主要内容

joinSimilarTextChunks

Join semantically similar text chunks

Since R2026a

    Description

    newChunkTable = joinSimilarTextChunks(chunkTable) joins adjacent, semantically similar text chunks from an input text chunk table chunkTable. This function requires Deep Learning Toolbox™. By default, this function also requires the Text Analytics Toolbox™ Model for all-MiniLM-L6-v2 Network support package.

    example

    newChunkTable = joinSimilarTextChunks(chunkTable,Name=Value) specifies additional options using one or more name-value arguments.

    example

    Examples

    collapse all

    Load the example data. The file sonnets.txt contains Shakespeare's sonnets in plain text. Extract the text from sonnets.txt using the extractFileText function.
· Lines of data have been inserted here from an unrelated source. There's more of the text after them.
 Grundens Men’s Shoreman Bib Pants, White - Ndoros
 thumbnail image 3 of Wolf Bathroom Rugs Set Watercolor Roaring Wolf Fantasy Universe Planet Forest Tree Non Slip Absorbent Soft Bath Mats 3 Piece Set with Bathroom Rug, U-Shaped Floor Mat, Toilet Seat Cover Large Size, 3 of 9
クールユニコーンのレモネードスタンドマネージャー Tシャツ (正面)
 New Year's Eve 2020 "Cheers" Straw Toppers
    str = extractFileText("sonnets.txt");

    Split str into text chunks using the splitTextChunks function. Specify the target length as 100.

    chunkTable = splitTextChunks(str,TargetLength=100);

    Count the number of rows in the text chunk table.

    height(chunkTable)
    ans = 
    1277
    

    Join similar text chunks using the joinSimilarTextChunks function. This function requires Deep Learning Toolbox and Text Analytics Toolbox Model for all-MiniLM-L6-v2 Network. If this support package is not installed, then the function provides a download link.
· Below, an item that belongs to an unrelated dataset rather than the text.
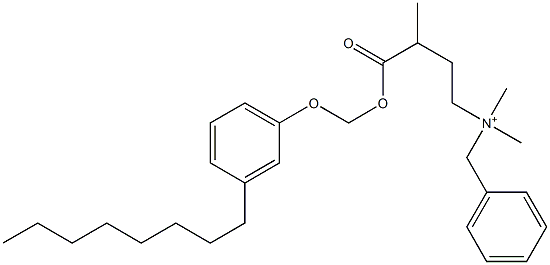 N,N-Dimethyl-N-benzyl-N-[3-[[(3-octylphenyloxy)methyl]oxycarbonyl]butyl]aminium Struktur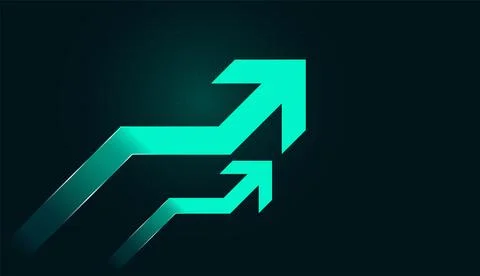 The glowing arrows represent growth and increasing momentum in Finance and .. Stock-Illustration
    newChunkTable = joinSimilarTextChunks(chunkTable,MinSimilarity=0.5);

    Count the number of rows in the new text chunk table.

    height(newChunkTable)
    ans = 
    1221
    

    The new text chunk table has fewer rows than the original table because the function joined several text chunks.

    First, split an HTML document into sections using the splitHTMLSections function.
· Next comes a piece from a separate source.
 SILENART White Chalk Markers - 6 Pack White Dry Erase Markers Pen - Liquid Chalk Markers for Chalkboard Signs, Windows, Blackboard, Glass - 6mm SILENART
    str = "<html><body><head><title>Title</title></head>" + ...
        "<h1>Chapter 1</h1><p>Introductory paragraph of chapter 1.</p>" + ...
        "<h2>Section 1</h2><p>This content is similar to the next section.</p>" + ...
        "<h2>Section 2</h2><p>This content is similar to the previous section.</p> + ..." + ...
        "<h1>Chapter 2</h1>" + ...
        "<h2>Section 1</h2><p>This content is very similar to the previous section.</p></body></html>";
    chunkTable = splitHTMLSections(str)
    chunkTable=5×3 table
                                            Text                                            H1             H2     
        ____________________________________________________________________________    ___________    ___________
    
        "<html><body><head><title>Title</title></head>"                                 <missing>      <missing>  
        "<p>Introductory paragraph of chapter 1.</p>"                                   "Chapter 1"    <missing>  
        "<p>This content is similar to the next section.</p>"                           "Chapter 1"    "Section 1"
        "<p>This content is similar to the previous section.</p> + ..."                 "Chapter 1"    "Section 2"
        "<p>This content is very similar to the previous section.</p></body></html>"    "Chapter 2"    "Section 1"
    
    

    Join similar text chunks that are in the same H1 section, but not necessarily in the same H2 section, by using the joinSimilarTextChunks function and specifying the Levels name-value arguments as "H1".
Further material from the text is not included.